Join the 200th Anniversary Celebration

Correspondence

Clinical Problem-Solving: Necrotizing Fasciitis

N Engl J Med 1994; 331:279-280July 28, 1994

Article

To the Editor:

Magnetic resonance imaging (MRI) of the extremity can be particularly useful in delineating a collection of inflammatory fluid at the interface of muscle and fascia in areas of necrosis. Why was MRI not performed in the patient described in the March 3 Clinical Problem-Solving article,1 especially since the information obtained might have allowed earlier treatment with less tissue loss? The patient had cellulitis in the calf, according to the description. If it remained below the knee, why did the surgeon not consider an open, below-knee amputation with debridement of necrotic fascia? In some cases of sepsis of the leg, it is possible to salvage the knee for a functional amputation by delaying wound closure of debrided muscle over the tibia, with skin grafting of the stump. The description of the vascular supply to the calf suggests that if the fasciitis did not involve the main neurovascular bundles of the leg, this might have been an option.

Jeffrey L. Kaufman, M.D.
Baystate Medical Center, Springfield, MA 01199

1 References
  1. 1

    Thibault GE. Desperate appliance. N Engl J Med 1994;330:623-626
    Full Text | Web of Science | Medline

To the Editor:

The Clinical Problem-Solving feature in the March 3 issue came at an opportune time for a renal-transplant recipient of ours.

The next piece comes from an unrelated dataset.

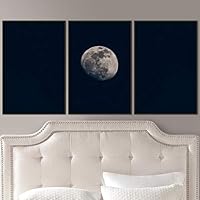3 Piece Framed Canvas Wall Art Lunar Eclipse Canvas Prints Home Artwork Decoration for Living Room,Bedroom - 16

A 64-year-old man was receiving immunosuppressive therapy after having received a cadaveric renal transplant in 1987. In April 1994 he presented with fever, chills, pain, and tenderness in the left calf, along with a thin erythematous area over the anterior aspect of the same calf. Within 12 hours, the patient was in shock and his calf had become exquisitely tender, edematous, and gangrenous to an area just below the knee. All pulses were palpable. At this stage the diagnosis was uncertain, but fortunately one of us had seen the description of necrotizing fasciitis in the Journal article and called it to the attention of the others. The article stressed the need for early and aggressive surgical therapy, in combination with appropriate antibiotic therapy.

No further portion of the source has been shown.